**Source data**
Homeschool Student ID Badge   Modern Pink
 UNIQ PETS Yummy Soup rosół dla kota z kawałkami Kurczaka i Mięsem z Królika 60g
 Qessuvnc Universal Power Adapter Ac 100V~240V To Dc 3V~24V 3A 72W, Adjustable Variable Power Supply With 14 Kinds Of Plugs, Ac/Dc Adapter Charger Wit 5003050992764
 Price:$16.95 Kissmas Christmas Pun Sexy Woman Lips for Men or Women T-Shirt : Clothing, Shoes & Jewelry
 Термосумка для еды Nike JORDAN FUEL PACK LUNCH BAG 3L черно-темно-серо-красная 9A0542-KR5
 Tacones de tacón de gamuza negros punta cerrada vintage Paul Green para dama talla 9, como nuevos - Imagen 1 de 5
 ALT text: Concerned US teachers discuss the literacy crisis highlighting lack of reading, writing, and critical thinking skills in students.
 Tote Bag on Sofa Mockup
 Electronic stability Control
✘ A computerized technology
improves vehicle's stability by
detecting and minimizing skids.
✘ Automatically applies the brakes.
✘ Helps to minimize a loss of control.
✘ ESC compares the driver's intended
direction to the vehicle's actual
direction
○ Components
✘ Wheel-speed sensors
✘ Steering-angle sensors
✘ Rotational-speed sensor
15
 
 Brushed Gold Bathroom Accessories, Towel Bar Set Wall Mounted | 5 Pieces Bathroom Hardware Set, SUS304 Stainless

**Problem to solve**
Beginning at the line that holds "Tote Bag on Sofa Mockup", reproduce the lines exactly up to and including the final line of the entries.

**Response area**
 Tote Bag on Sofa Mockup
 Electronic stability Control
✘ A computerized technology
improves vehicle's stability by
detecting and minimizing skids.
✘ Automatically applies the brakes.
✘ Helps to minimize a loss of control.
✘ ESC compares the driver's intended
direction to the vehicle's actual
direction
○ Components
✘ Wheel-speed sensors
✘ Steering-angle sensors
✘ Rotational-speed sensor
15
 
 Brushed Gold Bathroom Accessories, Towel Bar Set Wall Mounted | 5 Pieces Bathroom Hardware Set, SUS304 Stainless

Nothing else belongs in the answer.